Mahasiswa dan warga lakukan aksi demo menolak eksekusi, Senin,19 Februari 2018. (Foto: Frendy Christian)

TRANSTIPO.com, Mamasa – Sejumlah warga bersama Liga Mahasiswa Nasional Demokrasi (LMND) menggelar aksi ujuk rasa menolak ekseskusi 12 rumah warga yang berada di ujug kota Mamasa yang akan dilakukan Pengadilan Negeri Polewali, Senin, 19 Februari 2018.

Eksesuki 12 rumah tersebut berdasarkan Surat Keputusan Pengadilan Negeri Polewali, No.03/Pen.Eks/2018.Pn.Pol, di mana lokasi tersebut bersengketa dan masuk di meja pengadilan namun dimenangkan oleh penggugat.

Aksi penolakan eksekusi yang dilakukan sejumlah warga dan mahasiswa sempat membuat macet arus kendaraan sekitar 1 jam lebih di Jalan Poros Mamasa-Rante-Rante lantaran sejumlah pengunjuk rasa menutup badan jalan serta membakar ban bekas.

“Kami akan tetap bertahan jika dipaksakan eksekusi, karena lokasi yang ada saat ini sudah ditempati warga sejak berpuluh-puluh tahun dan punya IMB,” ujar Arnol, korlap aksi.

Merespon aksi yang dilakukan sejumlah warga dan mahasiswa, Plt. Bupati Mamasa Bonggalangi, berserta Forum Koordinasi Pimpinan Daerah (Forkopimda) serta pihak pengadilan melakukan rapat bersama, mencari jalan keluar dari kasus tersebut.

Melalui pertemuan musyawarah Forkopimda, ekseskusi untuk sementara ditunda dan diserahkan kepada kedua belah pihak agar menyelesaikannya itu secara adat.

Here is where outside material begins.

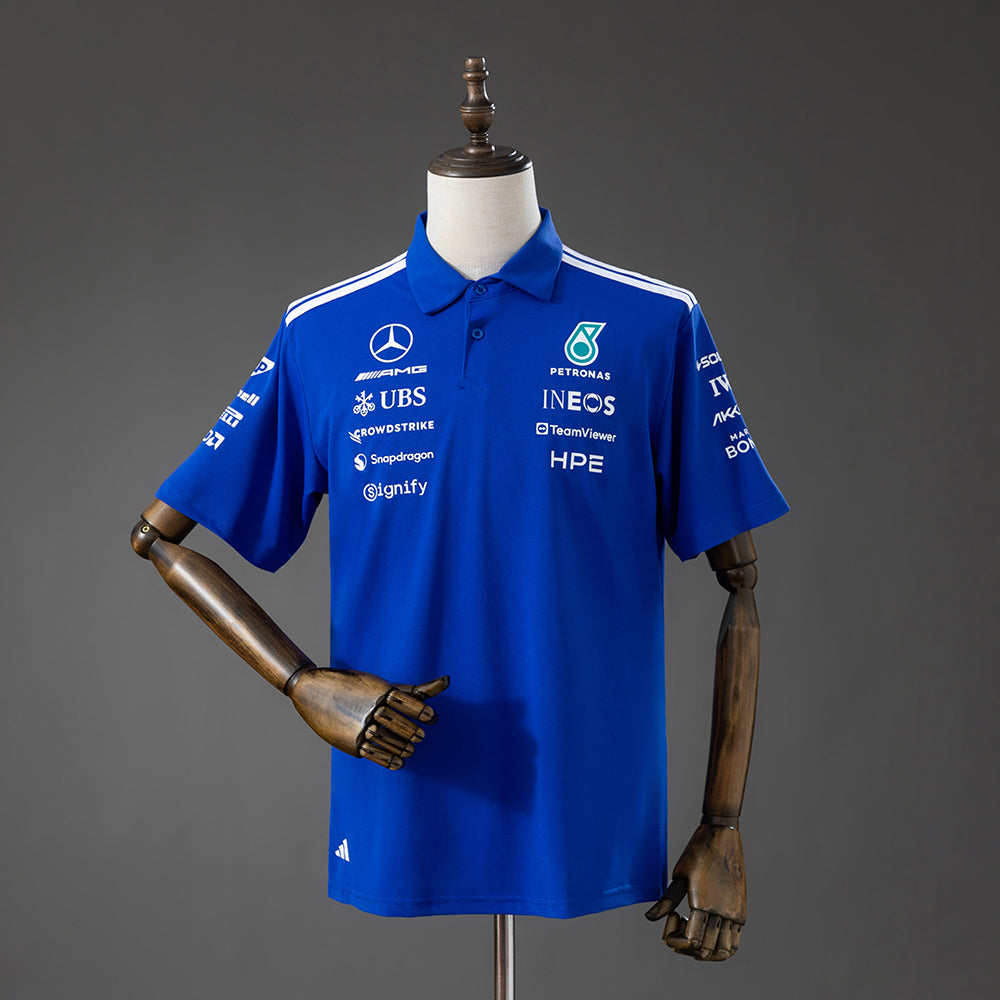 Mercedes-AMG Team 2026 F1 Racing Suit Blue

“Untuk saat ini tidak ada eksekusi dengan pertimbangan situasi dan kondisi keamanan. Namun tidak berarti keputusan pengadilan batal karena tidak ada orang yang kebal hukum. Dengan adanya penundaan eksekusi diberikan kesempatan sampai minggu depan. Dan, diharapkan pemerintah melalui camat dan lurah bersama lembaga adat untuk menegosiasi kedua bela pihak,” ungkap Bonggalangi.

Sementara, Ketua Pengadilan Negeri Polewali Heriyanti, mengatakan keputusan pengadilan akan tetap dilaksanakan, namun terlebih dahulu memberikan ruang lembaga adat untuk memfasilitasi kedua belah pihak.

“Hukum adat di Mamasa ini benar-benar masih hidup sehingga kami menghargai itu, dan kita berikan kesempatan dan ruang yang cukup kepada termohon eksekusi dan semua pihak untuk bermusyawarah dengan lembaga adat,” katanya.

Untuk saat ini jalan kembali dibuka dan arus kendaraan kembali normal seperti biasanya.